Based in San Francisco, Zynga’s staff reduction will be felt primarily in Los Angeles, New York, and Dallas, whose offices will be closed down, said a source who wished to remain anonymous.
The “18% of workforce” translates to 520 jobs. The cuts are not all immediate, but are hoped to be completed by August. CEO Mark Pincus has made the move in hopes of saving $70-$80 million. In an e-mail to employees acquired by USA Today, Pincus said: “None of us ever expected to face a day like today, especially when so much of our culture has been about growth, but I think we all know this is necessary to move forward.”
This is not the only round of layoffs for Zynga. In the fall of 2012 there were 150 jobs eliminated.

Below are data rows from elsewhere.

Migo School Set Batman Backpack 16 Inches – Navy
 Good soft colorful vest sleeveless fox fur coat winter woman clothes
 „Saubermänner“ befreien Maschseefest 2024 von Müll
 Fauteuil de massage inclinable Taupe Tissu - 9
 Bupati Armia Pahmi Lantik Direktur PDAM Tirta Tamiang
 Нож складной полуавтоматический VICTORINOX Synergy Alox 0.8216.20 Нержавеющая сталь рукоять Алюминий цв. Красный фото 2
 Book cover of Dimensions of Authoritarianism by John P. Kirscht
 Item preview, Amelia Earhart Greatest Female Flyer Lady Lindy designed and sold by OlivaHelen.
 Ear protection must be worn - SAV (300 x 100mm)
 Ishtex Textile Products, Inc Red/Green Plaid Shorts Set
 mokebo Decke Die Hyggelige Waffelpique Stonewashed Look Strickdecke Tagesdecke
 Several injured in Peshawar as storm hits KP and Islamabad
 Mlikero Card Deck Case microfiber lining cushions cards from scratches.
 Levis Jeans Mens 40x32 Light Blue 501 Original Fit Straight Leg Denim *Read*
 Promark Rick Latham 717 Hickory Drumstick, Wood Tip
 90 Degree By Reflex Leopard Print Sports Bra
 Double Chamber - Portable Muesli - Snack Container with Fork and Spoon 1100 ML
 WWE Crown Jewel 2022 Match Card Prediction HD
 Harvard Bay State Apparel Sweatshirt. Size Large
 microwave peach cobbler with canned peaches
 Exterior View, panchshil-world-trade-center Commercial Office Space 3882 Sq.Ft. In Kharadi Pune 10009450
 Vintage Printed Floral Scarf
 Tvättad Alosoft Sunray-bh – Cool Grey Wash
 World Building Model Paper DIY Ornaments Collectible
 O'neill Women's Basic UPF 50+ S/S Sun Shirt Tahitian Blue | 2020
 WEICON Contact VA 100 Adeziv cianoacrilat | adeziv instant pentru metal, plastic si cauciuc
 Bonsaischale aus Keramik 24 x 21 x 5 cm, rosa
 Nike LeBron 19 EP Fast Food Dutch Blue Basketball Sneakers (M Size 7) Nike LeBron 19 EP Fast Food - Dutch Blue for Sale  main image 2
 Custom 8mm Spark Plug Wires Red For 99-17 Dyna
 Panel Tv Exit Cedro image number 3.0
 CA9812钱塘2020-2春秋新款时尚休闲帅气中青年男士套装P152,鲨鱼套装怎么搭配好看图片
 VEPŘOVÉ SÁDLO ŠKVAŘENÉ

There were also several much-publicized defections both to and from Zynga in the past two years. Lawsuits dealing with those defections and the motivations behind them were settled out of court this past February. To say the corporate stability at Zynga was more akin to medieval court intrigue may be somewhat accurate.
To “move forward” Pincus says Zynga needs to focus on what are now being called “midcore” games. Such games are thought to be full of the depth of the games traditionally played on a PC or console, but also with the accessibility of mobile games, free-to-play, and social in nature. There are many gamers that will read those requirements as “watered down gaming.” For now they may be right, but eMarketer research shows that social, mobile and/or online gaming will grow by 5.6% this year. Midcore may be just what those new gamers want.
Currently, Twitter is aflutter with tweets of the OMGPOP closure. OMGPOP was the company purchased by Zynga 14 months ago for $200 million. The purchase was to acquire the surprise hit mobile game Draw Something.
As of today, Zynga stock has fallen to $3.00 down about 12% after yesterday’s job reduction notice, but down 70% from it’s initial price less than two years ago.